Имеющий свое собственное и довольно резкое суждение о людях и об их грехах, Бартоломео счел нужным промолчать и не впутываться в эти пространные разговоры о добре и зле, того и гляди - поругаются они с Амадо, и хоть он ему и слуга, а сдержаться Бартоломео точно не сможет, выскажет ему все, что он о церкви думает: а думает он, что обман это все, что человек самостоятельно свой путь найти должен, а там уж пусть каждый сам разберется, где зло, а где - добро, так что лучше не спорить, а сидеть себе тихо в уголочке и приказы несложные выполнять, как, например, вот этот - читать про испанский сапожок.

ИТАЛЬЯНЕЦ

Прихрамывая и угрюмо рассматривая четыре грубо сколоченных топчана вдоль серых стен, Амадо вошел в небольшую камеру продолговатой формы и со стоном присел на ближайший. Ну, просто королевские палаты, даже сукно на топчанах лежит, это, значит, чтобы от холода спасаться, а в испанских тюрьмах просто бросали на пол солому, кто первым схватит, тот и лежит. Остальные - на каменном полу улитками сворачиваются, только у улиток панцирь есть, а у них, как у слизней, нет ничего, одна одежда тонкая, да и ту иногда во время пыток в клочья рвали. Около маленького окна сидел бледный человек с темными густыми волосами, в светлом кожаном колете и темной рубашке, и на приветствие Амадо только недовольно поднял руку, давая понять, что видит, что заметил, но вот только несколько минут и закончит он, тогда уж поговорим. Второй заключенный лениво приподнялся на локте и, разглаживая ладонями заспанное грязное лицо, заговорил вполголоса, и по всему было видно, что уважает он Итальянца, хоть тот и младше его на несколько лет, но ведь не в возрасте дело, точно, не в возрасте.

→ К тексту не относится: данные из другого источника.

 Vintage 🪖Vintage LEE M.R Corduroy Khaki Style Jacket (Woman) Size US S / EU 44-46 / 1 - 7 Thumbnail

- Монах Челестино, - тяжело выдавил он, - третий месяц здесь. Законы монастырские не соблюдал, сбежал, вот и мучаюсь здесь за грехи свои.

- Грациано, учитель, - представился Амадо и тут же отметил про себя, что непохож монах на голодного человека, у голодных - кожа другая и голос слабый, сколько он таких в жизни видел, по долгу службы проверяя камеры и казематы: раз в месяц - точно заходил, значит, всего около шестидесяти проверок наберется.